> _Information_:
»»

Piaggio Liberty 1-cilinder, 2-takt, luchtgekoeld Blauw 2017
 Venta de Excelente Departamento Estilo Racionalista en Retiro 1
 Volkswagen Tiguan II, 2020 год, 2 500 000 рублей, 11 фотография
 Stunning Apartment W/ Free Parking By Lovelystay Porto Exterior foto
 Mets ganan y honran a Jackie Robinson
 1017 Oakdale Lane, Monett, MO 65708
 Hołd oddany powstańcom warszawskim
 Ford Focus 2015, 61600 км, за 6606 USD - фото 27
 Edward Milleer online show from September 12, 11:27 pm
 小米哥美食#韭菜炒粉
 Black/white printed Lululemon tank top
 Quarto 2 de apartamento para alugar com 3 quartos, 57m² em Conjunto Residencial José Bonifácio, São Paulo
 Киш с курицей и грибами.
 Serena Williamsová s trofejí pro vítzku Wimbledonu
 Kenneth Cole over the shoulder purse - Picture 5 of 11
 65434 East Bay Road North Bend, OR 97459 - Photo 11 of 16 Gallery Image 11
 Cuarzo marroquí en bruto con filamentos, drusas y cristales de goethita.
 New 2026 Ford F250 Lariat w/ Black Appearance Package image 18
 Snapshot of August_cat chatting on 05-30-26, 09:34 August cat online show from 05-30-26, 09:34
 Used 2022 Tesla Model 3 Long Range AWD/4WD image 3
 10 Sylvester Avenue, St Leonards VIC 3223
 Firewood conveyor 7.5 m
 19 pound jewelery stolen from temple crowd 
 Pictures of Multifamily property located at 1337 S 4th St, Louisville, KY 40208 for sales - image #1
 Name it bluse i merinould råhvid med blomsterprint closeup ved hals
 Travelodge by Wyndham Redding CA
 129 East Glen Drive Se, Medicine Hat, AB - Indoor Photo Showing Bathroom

««

> _Your objective_:
Your output must contain exactly the lines from the one containing "Pictures of Multifamily" to the final line of the data above, and no other text.

> _Written answer_:
 Pictures of Multifamily property located at 1337 S 4th St, Louisville, KY 40208 for sales - image #1
 Name it bluse i merinould råhvid med blomsterprint closeup ved hals
 Travelodge by Wyndham Redding CA
 129 East Glen Drive Se, Medicine Hat, AB - Indoor Photo Showing Bathroom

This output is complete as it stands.